▸ REQUIRED ACTION
Exactly as written, output each of the entries below.

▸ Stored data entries
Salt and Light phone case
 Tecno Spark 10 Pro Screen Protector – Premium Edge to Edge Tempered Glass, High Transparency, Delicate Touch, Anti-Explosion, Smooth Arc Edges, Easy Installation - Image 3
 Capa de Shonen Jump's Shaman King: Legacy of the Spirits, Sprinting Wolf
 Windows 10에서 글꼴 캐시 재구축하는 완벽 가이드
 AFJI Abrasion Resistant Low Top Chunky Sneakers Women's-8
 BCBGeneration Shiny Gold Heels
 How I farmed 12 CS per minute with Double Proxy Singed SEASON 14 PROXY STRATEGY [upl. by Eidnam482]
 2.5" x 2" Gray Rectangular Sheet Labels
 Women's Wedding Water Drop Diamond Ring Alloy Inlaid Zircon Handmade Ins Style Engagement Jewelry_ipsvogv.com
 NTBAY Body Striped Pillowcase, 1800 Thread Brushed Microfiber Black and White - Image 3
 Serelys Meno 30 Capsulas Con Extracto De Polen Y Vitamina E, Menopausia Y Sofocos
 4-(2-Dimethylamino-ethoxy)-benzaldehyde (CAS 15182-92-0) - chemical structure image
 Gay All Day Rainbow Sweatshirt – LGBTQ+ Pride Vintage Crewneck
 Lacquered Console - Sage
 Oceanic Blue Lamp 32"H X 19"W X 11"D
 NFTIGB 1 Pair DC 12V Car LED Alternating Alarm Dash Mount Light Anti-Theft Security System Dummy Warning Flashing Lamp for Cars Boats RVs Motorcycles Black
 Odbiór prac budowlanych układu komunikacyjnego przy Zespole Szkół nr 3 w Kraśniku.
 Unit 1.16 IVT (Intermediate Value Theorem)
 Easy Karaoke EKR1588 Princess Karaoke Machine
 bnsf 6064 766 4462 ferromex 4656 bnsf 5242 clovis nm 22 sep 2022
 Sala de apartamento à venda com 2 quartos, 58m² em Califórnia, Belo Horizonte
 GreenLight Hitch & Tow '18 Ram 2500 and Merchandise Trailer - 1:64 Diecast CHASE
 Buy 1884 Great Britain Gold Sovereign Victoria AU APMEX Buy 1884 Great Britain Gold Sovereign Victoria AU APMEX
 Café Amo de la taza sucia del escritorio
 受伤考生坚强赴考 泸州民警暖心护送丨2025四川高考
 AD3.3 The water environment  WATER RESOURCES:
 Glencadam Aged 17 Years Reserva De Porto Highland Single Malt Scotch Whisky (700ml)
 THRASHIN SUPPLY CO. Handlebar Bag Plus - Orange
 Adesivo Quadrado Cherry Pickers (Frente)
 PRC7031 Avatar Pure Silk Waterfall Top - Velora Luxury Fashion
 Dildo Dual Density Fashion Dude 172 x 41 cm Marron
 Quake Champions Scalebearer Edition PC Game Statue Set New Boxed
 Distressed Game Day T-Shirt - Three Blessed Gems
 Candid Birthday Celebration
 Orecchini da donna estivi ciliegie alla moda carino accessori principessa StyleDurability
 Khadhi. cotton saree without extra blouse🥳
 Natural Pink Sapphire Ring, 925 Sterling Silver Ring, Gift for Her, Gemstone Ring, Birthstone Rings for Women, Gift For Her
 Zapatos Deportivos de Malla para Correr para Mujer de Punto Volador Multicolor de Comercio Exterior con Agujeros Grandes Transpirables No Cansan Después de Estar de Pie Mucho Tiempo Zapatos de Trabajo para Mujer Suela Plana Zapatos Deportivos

▸ ANSWER FOR THE TASK
Salt and Light phone case
 Tecno Spark 10 Pro Screen Protector – Premium Edge to Edge Tempered Glass, High Transparency, Delicate Touch, Anti-Explosion, Smooth Arc Edges, Easy Installation - Image 3
 Capa de Shonen Jump's Shaman King: Legacy of the Spirits, Sprinting Wolf
 Windows 10에서 글꼴 캐시 재구축하는 완벽 가이드
 AFJI Abrasion Resistant Low Top Chunky Sneakers Women's-8
 BCBGeneration Shiny Gold Heels
 How I farmed 12 CS per minute with Double Proxy Singed SEASON 14 PROXY STRATEGY [upl. by Eidnam482]
 2.5" x 2" Gray Rectangular Sheet Labels
 Women's Wedding Water Drop Diamond Ring Alloy Inlaid Zircon Handmade Ins Style Engagement Jewelry_ipsvogv.com
 NTBAY Body Striped Pillowcase, 1800 Thread Brushed Microfiber Black and White - Image 3
 Serelys Meno 30 Capsulas Con Extracto De Polen Y Vitamina E, Menopausia Y Sofocos
 4-(2-Dimethylamino-ethoxy)-benzaldehyde (CAS 15182-92-0) - chemical structure image
 Gay All Day Rainbow Sweatshirt – LGBTQ+ Pride Vintage Crewneck
 Lacquered Console - Sage
 Oceanic Blue Lamp 32"H X 19"W X 11"D
 NFTIGB 1 Pair DC 12V Car LED Alternating Alarm Dash Mount Light Anti-Theft Security System Dummy Warning Flashing Lamp for Cars Boats RVs Motorcycles Black
 Odbiór prac budowlanych układu komunikacyjnego przy Zespole Szkół nr 3 w Kraśniku.
 Unit 1.16 IVT (Intermediate Value Theorem)
 Easy Karaoke EKR1588 Princess Karaoke Machine
 bnsf 6064 766 4462 ferromex 4656 bnsf 5242 clovis nm 22 sep 2022
 Sala de apartamento à venda com 2 quartos, 58m² em Califórnia, Belo Horizonte
 GreenLight Hitch & Tow '18 Ram 2500 and Merchandise Trailer - 1:64 Diecast CHASE
 Buy 1884 Great Britain Gold Sovereign Victoria AU APMEX Buy 1884 Great Britain Gold Sovereign Victoria AU APMEX
 Café Amo de la taza sucia del escritorio
 受伤考生坚强赴考 泸州民警暖心护送丨2025四川高考
 AD3.3 The water environment  WATER RESOURCES:
 Glencadam Aged 17 Years Reserva De Porto Highland Single Malt Scotch Whisky (700ml)
 THRASHIN SUPPLY CO. Handlebar Bag Plus - Orange
 Adesivo Quadrado Cherry Pickers (Frente)
 PRC7031 Avatar Pure Silk Waterfall Top - Velora Luxury Fashion
 Dildo Dual Density Fashion Dude 172 x 41 cm Marron
 Quake Champions Scalebearer Edition PC Game Statue Set New Boxed
 Distressed Game Day T-Shirt - Three Blessed Gems
 Candid Birthday Celebration
 Orecchini da donna estivi ciliegie alla moda carino accessori principessa StyleDurability
 Khadhi. cotton saree without extra blouse🥳
 Natural Pink Sapphire Ring, 925 Sterling Silver Ring, Gift for Her, Gemstone Ring, Birthstone Rings for Women, Gift For Her
 Zapatos Deportivos de Malla para Correr para Mujer de Punto Volador Multicolor de Comercio Exterior con Agujeros Grandes Transpirables No Cansan Después de Estar de Pie Mucho Tiempo Zapatos de Trabajo para Mujer Suela Plana Zapatos Deportivos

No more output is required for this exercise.